Monumento a Giacomo Matteotti
Ideato in occasione del 50° anniversario della morte del segretario del Partito Socialista, esso venne collocato in prossimità del luogo ove Matteotti fu sequestrato da una banda di squadristi fascisti il 10 giugno 1924, per poi essere ucciso.
L'imponente monumento bronzeo, dedicato alla memoria di Giacomo Matteotti (1885-1924), venne realizzato nel 1974 dall'artista pistoiese Jorio Vivarelli. La frase riportata sul monumento è tratta dal discorso che il politico socialista pronunciò il 30 maggio 1924 - pochi giorni prima di essere rapito - alla Camera dei Deputati, per denunciare i brogli elettorali commessi dal partito fascista durante le precedenti elezioni. Il suo corpo venne ritrovato il 16 agosto alla macchia della Quartarella, poco distante da Roma.
Realizzata grazie a una sottoscrizione pubblica lanciata dai socialisti e dallo stesso Vivarelli, l'opera venne fusa a Pistoia, presso la fonderia Michelucci, per poi essere trasportata a Roma, dove venne inaugurata il 10 giugno 1974, alla presenza delle massime autorità dello Stato italiano.
È composta da due distinti elementi bronzei: un'alta stele con forte sviluppo verticale, dalla forma irregolare e lanceolata che evoca la sagoma di una foglia, percorsa da una fenditura e con una sorta di pistillo centrale; e un elemento dallo sviluppo orizzontale, che ricorda un rovo di pruni.
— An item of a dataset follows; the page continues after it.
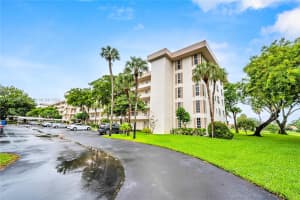 3970 Oaks Clubhouse Dr APT 501, Pompano Beach, FL 33069, Sold 11/26/24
Intitolata L’idea, la morte, e ispirata alla famosissima frase attribuita allo stesso Matteotti Uccidete pure me, ma l'idea che è in me non l'ucciderete mai, è così descritta dallo stesso Vivarelli in una lettera alla Fondazione Giacomo Matteotti: (l’elemento) orizzontale, (…) attraverso l’esasperazione della forma e della materia, vuole significare la macerazione e la distruzione fisica, intesa in senso universale, in un momento tragico della Storia. L’elemento verticale sta a significare l’ideale in ascesa verso lo spazio, attraverso una forma scattante, pura, lirica, simbolo di chiarezza e di speranza.
Questo costituisce senza dubbio uno degli esiti di maggior rilevo dell'attività di Vivarelli, artista animato da una profonda eticità e particolarmente sensibile ai temi di impegno civile e di difesa della libertà, anche a causa della sua esperienza personale di lunga prigionia nei campi di concentramento in Ungheria, in Austria, e in Germania. Scultore e grafico, la ricerca dell'artista, che evolve da influssi novecentisti a forme di realismo espressionista, si è declinata in più occasioni in soluzioni plastiche di carattere monumentale, spesso innervate da profonde riflessioni sul rapporto tra scultura, architettura e spazio pubblico, testimoniate da opere di grande impegno in Italia, Europa, Stati Uniti e Giappone, fra cui quelle per Philadelfia e Detroit. Vivarelli, difatti, pur rimanendo sempre profondamente legato alla sua terra d’origine, godette di fama internazionale, anche grazie alle collaborazioni artistiche con alcuni dei più importanti architetti del Novecento, da Giovanni Michelucci a Oskar Storonov, Marcel Lajos Breuer e Le Corbusier.
A conferma del valore simbolico e memoriale dell'opera, nell'area antistante sono state collocate in tempi diversi numerose lapidi commemorative.